Fever, Chills, and Night Sweats

Chapter

Dall L, Stanford JF.

In health, body temperature is regulated around a set point of 37 ± 1°C, and a circadian temperature rhythm exists in which the highest temperature of each day occurs around 6 p.m. The variance between the highest and lowest core temperature in a given day is usually no more than 1° to 1.5°C. This circadian rhythm may differ among individuals but should be consistent in each person. Relative to the core (blood) temperature, oral temperature tends to be about 0.4°C lower and axillary temperature up to 1°C lower, while rectal temperature, probably because of fecal bacterial metabolism, averages about 0.5°C higher.

Fever is a physiologic disorder in which the temperature is elevated above one’s normal temperature. An elevated body temperature may accompany any condition in which exogenous or endogenous heat gain exceeds mechanisms of heat dissipation such as occurs with vigorous exercise, exposure to a warm ambient temperature, or the use of drugs that cause excess heat production or limit heat dissipation. In these situations the hypothalamic “thermostat” remains “set” in the normal range. In true fever, mechanisms to regulate the body temperature above the normal set point are actively operating.
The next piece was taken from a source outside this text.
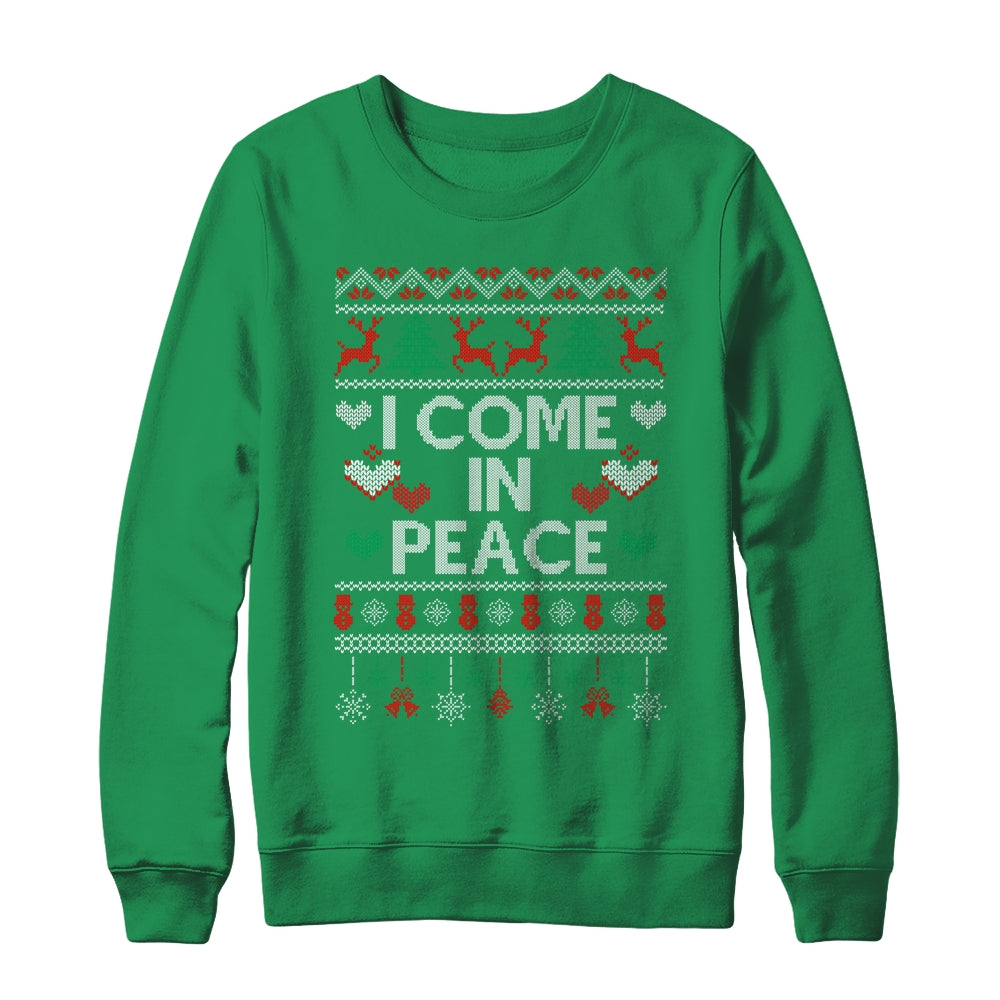 I Come In Peace I'm Peace Matching Couple Ugly Christmas Shirt & Sweatshirt | siriusteestore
In most patients with fever lasting 1 to 2 weeks, the etiology will be found or the fever will disappear. Occasionally, despite the history, physical examination, laboratory and radiologic procedures, fever (temperature above 38.3°C) will continue beyond 2 to 3 weeks without diagnosis. These patients are said to have fever of undetermined origin (FUO). Although the classic Petersdorf and Beeson definition still has utility, in this era of prospective payment medicine it can be modified to include careful outpatient documentation of fever and lack of diagnosis after careful outpatient evaluation. The critical aspects of any definition of FUO are documentation of fever (>38.3°C with a supervised electronic thermometer) and allowance of adequate time for the vast majority of self-limited viral illnesses to run their course.

Chills are the subjective reports of shivering or shaking associated with rapid changes in body temperature. They result from involuntary muscle contractions that occur in response to a sudden lowering of body temperature below the prevailing set point.

Night sweats are subjective reports of nocturnal sweating that results from an exaggeration of the normal circadian temperature rhythm.

Technique

A carefully obtained and detailed history is invaluable in the evaluation of febrile conditions. The etiology is often evident from the history and physical examination alone. While some patients will have taken their temperature with a thermometer, many will not have done so. Patients can usually relate the sensation of feeling warm and the frequent nonspecific accompanying symptoms of fatigue, myalgias, back pain, headache, and diaphoresis. Some patients, however, especially those with tuberculosis, occasional patients with drug fevers, and patients with other distracting unpleasant symptoms, may be unaware of temperatures as high as 39.4°C. A history of accompanying chills or night sweats should be sought. A sensation of chilliness is very common with fever from any cause and has little specificity, but an abrupt onset of fever with one or two hard chills (rigors) of teeth-chattering, bed-shaking intensity suggests an acute bacterial infection such as pneumococcal pneumonia.

The pattern of temperature elevation and the specific details of other associated symptoms should be obtained along with an accurate description of the initial onset of illness. Patients may begin their story with a recent dramatic change in their condition (e.g., high fever) when in actuality their illness began months earlier with, for example, weight loss, back pain, or other symptoms.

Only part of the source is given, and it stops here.